ANOMALI
DEMOKRASI KITA
Dalam demokrasi,
rakyat adalah raja. Dalam demokrasi, suara rakyat adalah suara tuhan (vox
populi, vox dei). Tapi tidak di negeri ini. Rakyat adalah sang hamba dan
suaranya adalah suara setan. Terkecuali dalam ritual pemilihan umum (pemilu), suara
rakyat (mencoblos kertas suara) sangat didambakan. Setelahnya, suara rakyat
(hati nurani) tak lebih hanya dianggap hasutan.
Di negeri ini,
Demokrasi telah menjadi pilihan untuk mencapai kejayaan dalam berbangsa dan bernegara
tapi semuanya tak berjalan seperti yang diharapkan. Bukan kesejahteraan, bukan
keamanan bukan pula kedamaian yang ditemukan, tapi demokrasi telah membiakkan
kegaduhan, menyuburkan kekerasan serta melanggengkan kesengsaraan. Inilah fenomena
demokrasi Indonesia masa kini-.
Napak tilas sistem
demokrasi di negeri ini berujung pada kegagalan. Dari demokrasi terpimmpin
hingga demokrasi authoritarian ala demokrasi pancasila. Demokrasi pasca
reformasipun demikian. Nampaknya, hal ini terjadi karena demokrasi politik
tidak dibarengi dengan demokrasi ekonomi maka yang terjadi adalah ketimpangan.

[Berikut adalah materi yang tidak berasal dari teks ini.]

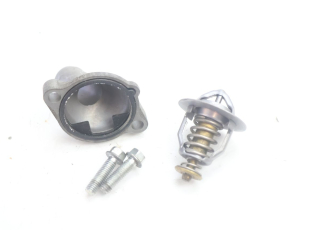THERMOSTAT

Pesta pora demokrasi politik selalu diagendakan, namun agenda demokrasi ekonomi
tak pernah muncul kepermukaan. Dalam demokrasi politik rakyat selalu aktif
dilibatkan sedangkan dalam demokrasi ekonomi rakyat dinistakan dan dianak
tirikan. Dalam setiap pergantian kekuasaaan rakyat dianggap cerdas menentukan
pilihan namun dalam penentuan kebijakan dan pengambilan keputusan dalam
pembuatan undang-undang rakyat selalu dibodoh-bodohkan sehingga dalam musyawarahpun
tak pernah diikut sertakan
Tapi kenapa
semua ini bisa terjadi? Kita, pastilah mempunyai jawaban tersendiri. Bukan
karena kita pintar bukan pula karena kita paham demokrasi. Tapi kondisi yang
kita alami saat ini adalah jawaban dari pertanyaan tadi. Artinya demokrasi kita
adalah demokrasi tanpa happy ending, but, always sad ending.
Titik.
Kegagalan demokrasi
di negeri ini tak lepas dari berkuasanya para mafia politik yang bersembunyi
dibalik tirai demokrasi. Transparansi, akuntabiltas serta
keterbukaan- sebagai penyangga utama pohon demokrasi berganti wajah menjadi korupsi,
manipulasi dan konspirasi antar elit politik yang berkuasa-yang juga melibatkan
para pengusaha-. Inilah penyebab ambruknya bangunan demokrasi kita.
Ketika
kepentingan rakyat dinomerduakan dan kepentingan para kapital diutamakan
maka demokrasi menjadi sumir tak berarti. Demokrasi hanya menjadi ilusi para
generasi. Ia seperti ayat suci yang diletakkan dibawah kaki. Tak berharga, dan
tak sakral lagi. Pada akhirnya, demokrasi akan dikubur tanpa rekam jejak
prestasi.
Rakyat;
Posisi dan Fungsinya
Sudah
semestinya dalam sistem demokrasi, rakyat tidak diperlakukan sebagai anak tiri.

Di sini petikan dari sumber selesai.